I have a problem with the gear shifter. My speed gear shifter lever is on the right. The picture in attachment shows where the problem area is. On the picture, left is the shifter and it is loose inside. As a result, I am not able to shift gear, easily or sometimes it is not possible to shift gears because it is jammed.

I am sure this will be a problem for other Murray users. Lately, I’ve been using single gear to move snows. Any help on fixing this problem would be appreciated.


----------



## Shryp (Jan 1, 2011)

You have to tip the snow blower forward onto its front housing and then remove the bottom cover from the blower transmission. Odds are your hex shaft is gummed up and just needs cleaned.

Is this your problem?


----------



## mk033 (Nov 16, 2013)

*Speed Lever Jam*

Thanks for the lead. I have not taken apart the back panel yet. If all snow blower works this way, I can see that would be the problem. I will have to take the back panel off and see what is hiding in there. Again, thanks for the lead and I will report the findings at later time.


----------



## mk033 (Nov 16, 2013)

I took the bottom panel off Sunday and learned that the hex shaft is all greased up nicely so the plate move smoothly. No problem with the hex shaft.
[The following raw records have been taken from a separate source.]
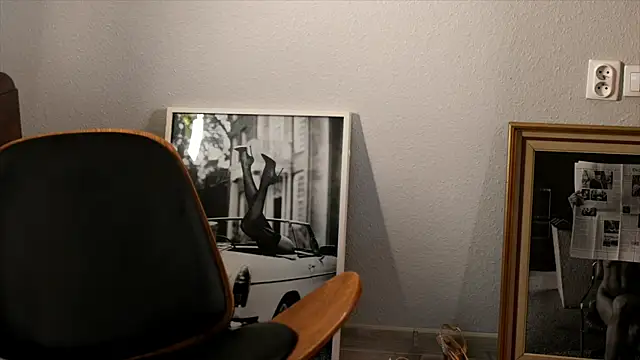 Snapshot of Special___ chatting on December 23, 8:14 pm Special    online show from December 23, 8:14 pm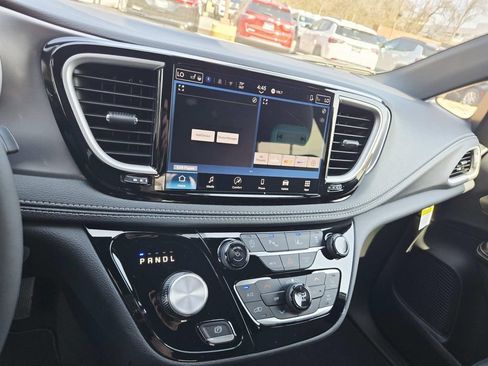 New 2026 Chrysler Pacifica Select FWD image 22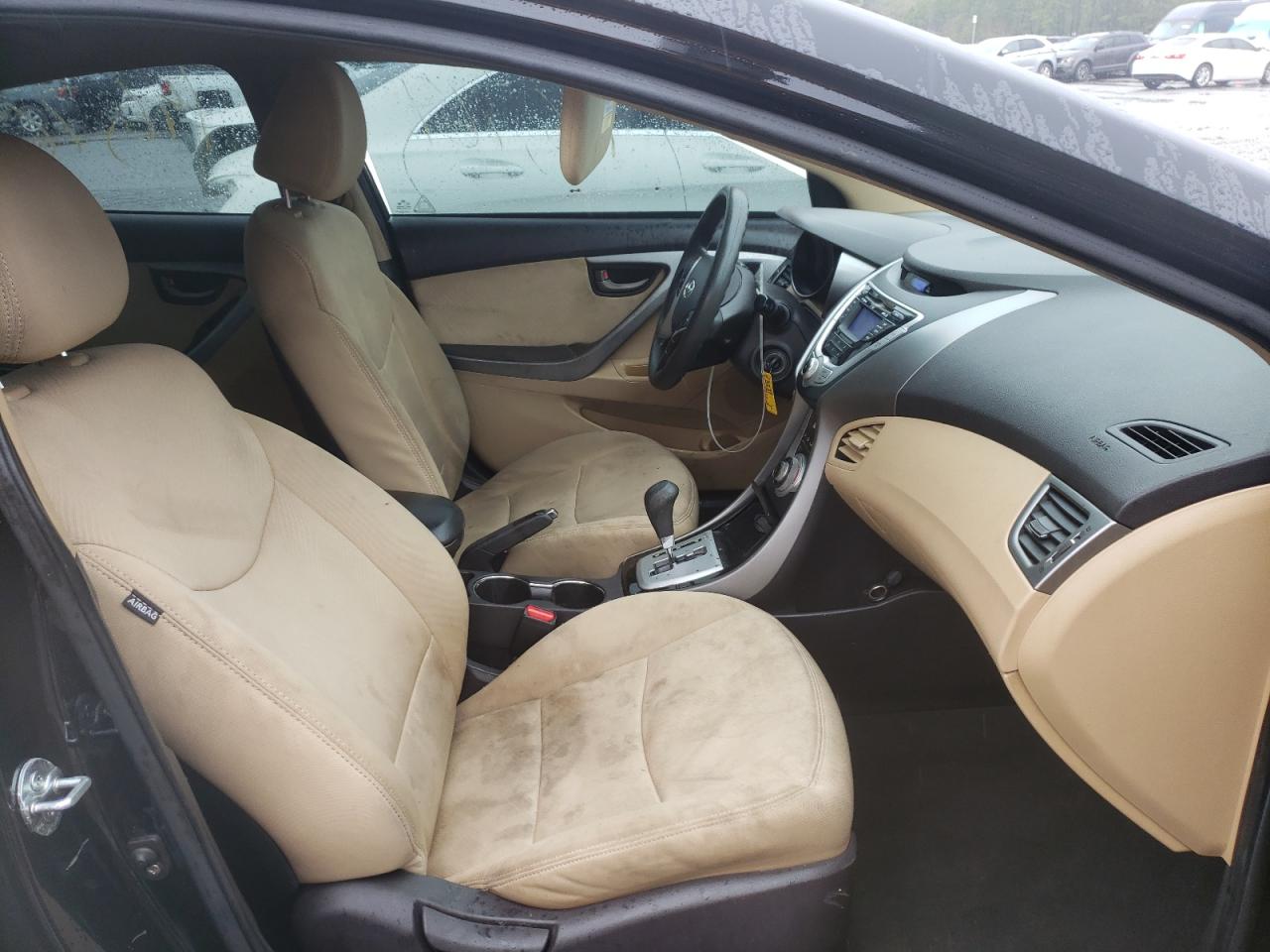 Photo 5 from auction – 2012 HYUNDAI ELANTRA GL with VIN 5NPDH4AE1CH077219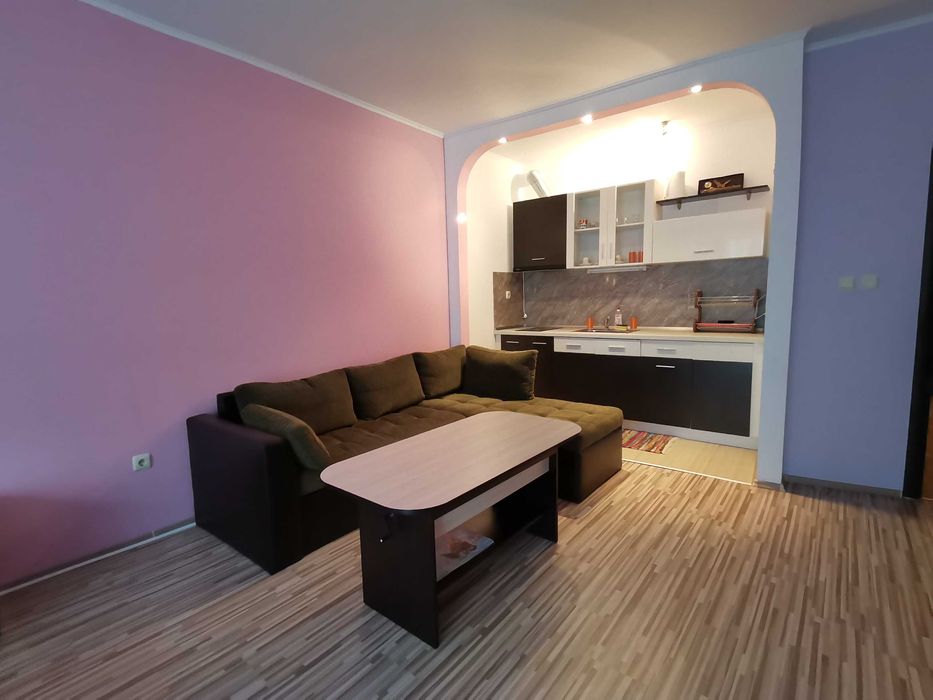 Дава се под наем Двустаен апартамент в Бургас, Възраждане - 65 кв.м за 255 € - Снимка #2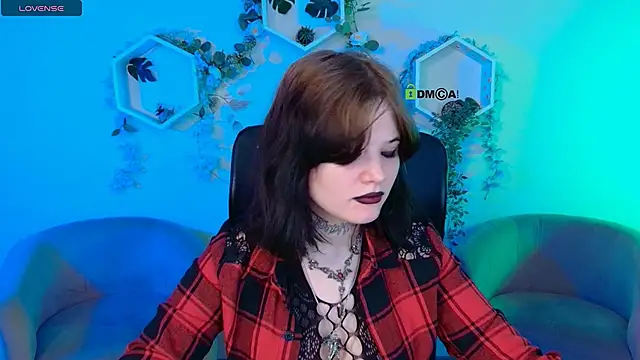 nikki kiss  online show from 06.22.26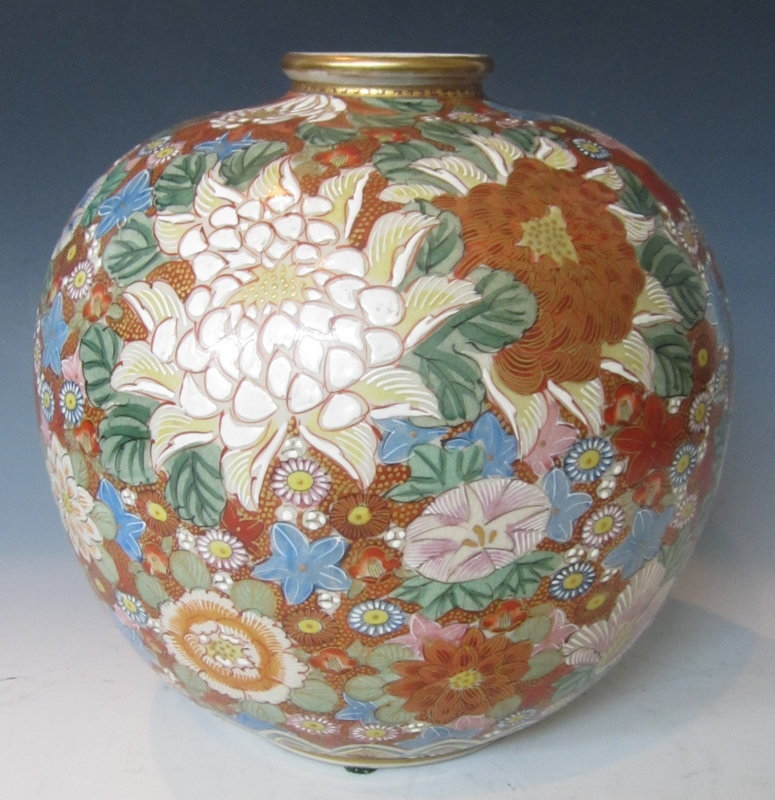 Kutani Mille Fleur Vase by N. Kingyoku with Tomobako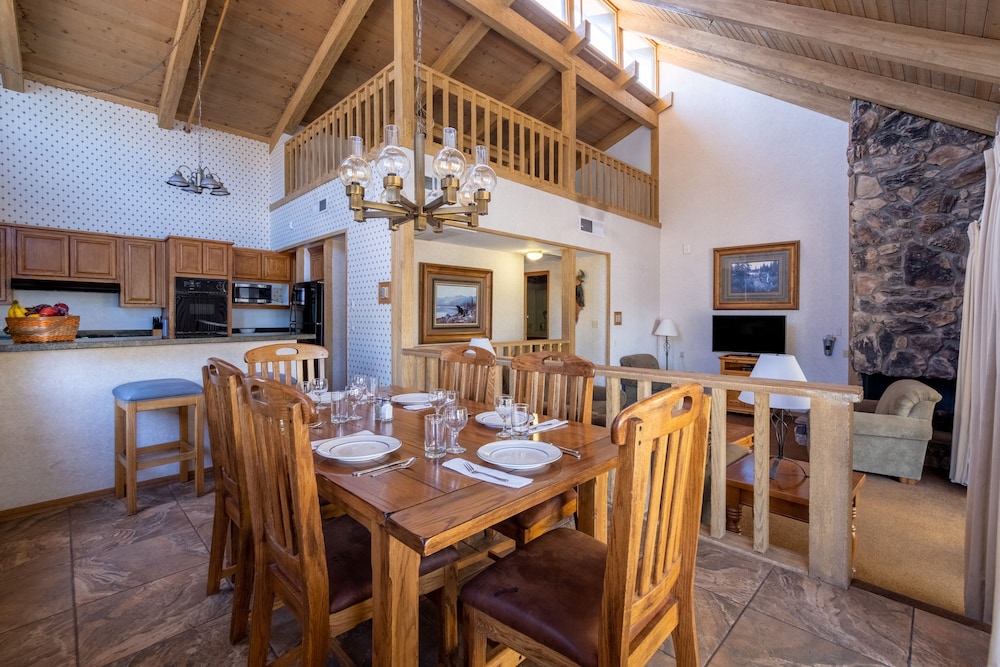 Lagonita Lodge 39/50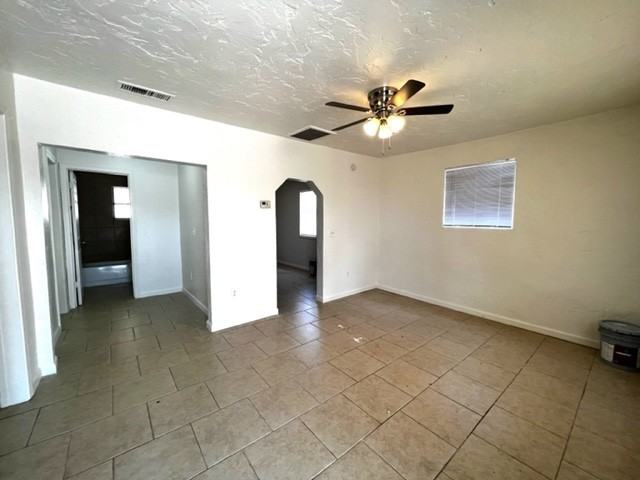 126 W Tennessee St #1 - Photo 4 of 34
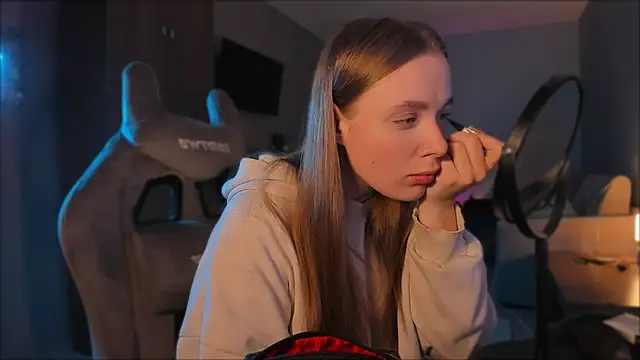 Snapshot of Rachel_Ro chatting on 01-08-25, 12:26 Rachel Ro online show from 01-08-25, 12:26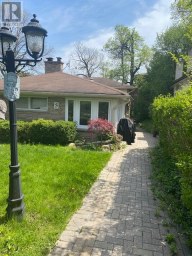 3 DONNA COURT Toronto (Newtonbrook East) Ontario photo 1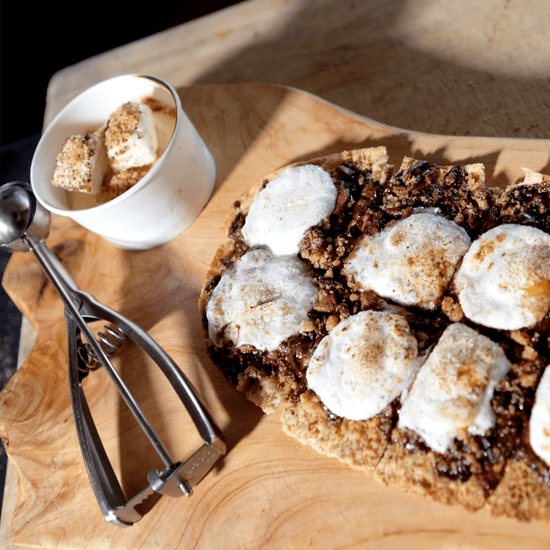 How to Make S'Mores Pizza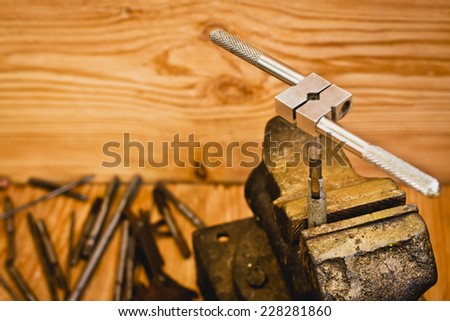 Tapping and threading tools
Only thing that I saw that may be a problem is the whole shifter module itself has lot of play in them. I could not figure out what is causing the play. Because there are much room for a shifter movements, the shifter lever sometimes does not work. This is not I should have took some pics when I had it apart to show you but because of the play in the shifters a rubber grommet into the friction plates room also has lot of play. As a result, the shift is often difficult. I think it may something I can show you with a pics but need to make a movie to show but I do not have movie camera.

I think this may be a design flaw or whatever is causing the shifter play may be the problem. I am sorry, if I have explained it well. I could not figure out by looking at the thing. I re-greased the hex shaft with thin layer of Lithium Grease and applied more gear grease onto the chains and put the bottom lid back on.

Anyone who has same model, I am guessing, will experience similar problem. Let me know if you do.


----------